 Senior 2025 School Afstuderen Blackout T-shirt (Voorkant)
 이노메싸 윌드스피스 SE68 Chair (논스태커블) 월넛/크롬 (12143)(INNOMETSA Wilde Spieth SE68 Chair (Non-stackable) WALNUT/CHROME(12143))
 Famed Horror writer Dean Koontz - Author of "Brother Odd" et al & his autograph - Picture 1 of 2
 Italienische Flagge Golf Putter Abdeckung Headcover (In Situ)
==
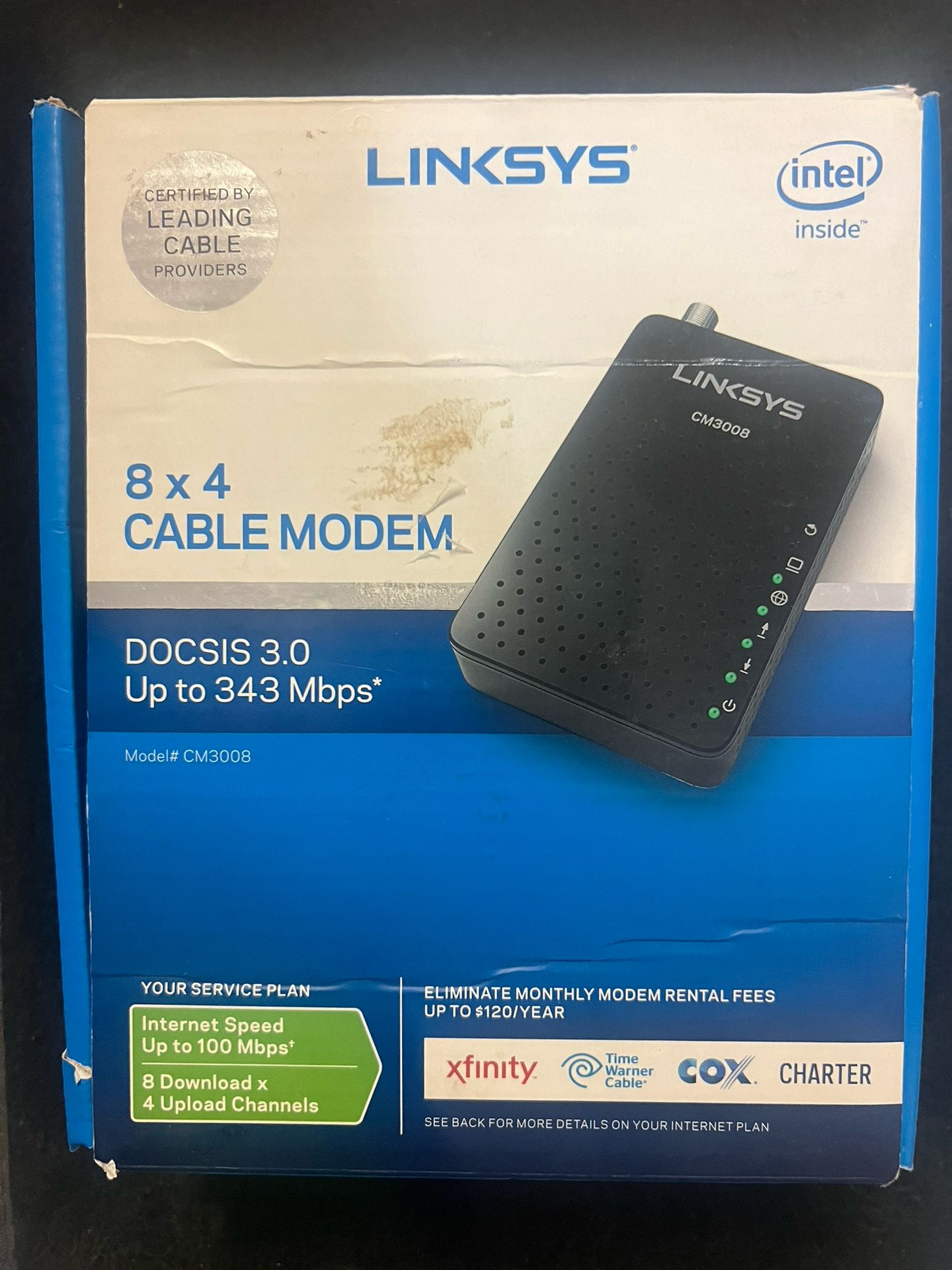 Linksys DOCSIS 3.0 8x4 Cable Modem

- _How to complete this task_
From the data above, output only the lines between the line containing "Famed Horror writer" and the line containing "Italienische Flagge Golf", inclusive, exactly as written.

- _Answer box_
 Famed Horror writer Dean Koontz - Author of "Brother Odd" et al & his autograph - Picture 1 of 2
 Italienische Flagge Golf Putter Abdeckung Headcover (In Situ)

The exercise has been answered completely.